A Powerful Web Scraper with dynamic rendering support.

These details have not been verified by PyPI

Project links

Project description

ScrapeSome

Scrapesome Logo

PyPI Python Downloads License Issues Discussions Contributors Forks Stars

ScrapeSome is a lightweight, flexible web scraping library with both synchronous and asynchronous support. It includes intelligent fallbacks, JavaScript page rendering, response formatting (HTML → Text/JSON/Markdown), and retry mechanisms. Ideal for developers who need robust scraping utilities with minimal setup.

💡 Why Use ScrapeSome?
🚀 Features
⚖ Comparison with Alternatives
📦 Installation
Playwright Setup
⚡ Quick Start
🖥️ CLI Usage
🧰 Advanced Usage
🧪 Testing
⚙️ Environment Configuration
📄 Output Formats
📁 Project Structure
🔒 License
🤝 Contributions

💡 Why Use ScrapeSome?

Handles both static and JS-heavy pages out of the box
Supports both sync and async scraping
Converts raw HTML into clean text, JSON, or Markdown
Works with minimal configuration (pip install scrapesome)
Handles timeouts, retries, redirects, user agents

🚀 Features

🔁 Sync + Async scraping support
🔄 Automatic retries and intelligent fallbacks
🧪 Playwright rendering fallback for JS-heavy pages
📝 Format responses as raw HTML, plain text, Markdown, or structured JSON
⚙️ Configurable: timeouts, redirects, user agents, and logging
🧪 Test coverage with pytest and pytest-asyncio

⚖ Comparison with Alternatives

Feature	ScrapeSome ✅	Playwright (Python)	Selenium + UC	Requests-HTML	Scrapy + Playwright
🧠 JS Rendering Support	✅ Auto fallback on 403/JS content	✅ Always (manual control)	✅ Always (manual control)	✅ Partial (via Pyppeteer)	✅ Requires setup
🔄 Automatic Fallback (403/Blank)	✅ Yes (seamless)	❌ Manual logic needed	❌ Manual logic needed	❌ No	❌ Needs per-request config
🔁 Uses Browser Engine	✅ Only when needed (Playwright)	✅ Always	✅ Always	✅ (Unstable, slow)	✅ Always (if enabled)
✅ Sync + Async Support	✅ Built-in	❌ Async only	❌ Manual (via threading)	❌ Sync only	❌ Async only (via plugin)
📝 JSON/Markdown/HTML Output	✅ Built-in formats	❌ Manual parsing	❌ Manual parsing	❌ Basic only	❌ Custom pipeline needed
⚡ Minimal Setup	✅ Near zero	❌ Code + browser install	❌ Driver + setup	✅ Simple pip install	❌ Complex + plugin setup
🔁 Retries, Timeouts, Agents	✅ Smart defaults built-in	❌ Manual handling	❌ Manual handling	❌ Limited	⚠️ Partial via settings
🧪 Pytest-Ready Out-of-the-box	✅ Fully testable	⚠️ Requires mocks	❌ Hard to test	❌ Minimal	⚠️ Needs testing harness
⚙️ Config via .env / Inline	✅ Flexible and optional	❌ Code/config only	❌ Manual via code	❌ Hardcoded mostly	⚠️ Project settings
📦 Install & Run in <1 Min	✅ Yes	❌ Setup required	❌ Driver + config needed	✅ Yes	❌ Needs project + plugin

📦 Installation

pip install scrapesome

Playwright Setup

ScrapeSome uses Playwright for JavaScript rendering fallback. To enable this, you need to install Playwright and its dependencies.

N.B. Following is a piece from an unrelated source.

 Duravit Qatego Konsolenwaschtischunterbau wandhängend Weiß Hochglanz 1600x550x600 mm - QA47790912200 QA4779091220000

1. Install Playwright Python package if not installed

pip install playwright

2. Install Playwright browsers

playwright install

3. Install system dependencies

Playwright requires some system libraries to run browsers, which vary by operating system.

For Windows Playwright installs everything you need automatically with playwright install, so no additional setup is usually required.

For Linux (Ubuntu/Debian) Run the following command to install required system libraries:

playwright install-deps

If you don't have playwright CLI available, you can install dependencies manually:

sudo apt-get update
sudo apt-get install -y libwoff1 libopus0 libwebp6 libharfbuzz-icu0 libwebpmux3 \
                        libenchant-2-2 libhyphen0 libegl1 libglx0 libgudev-1.0-0 \
                        libevdev2 libgles2 libx264-160

Note: Package names may vary depending on your distribution and version.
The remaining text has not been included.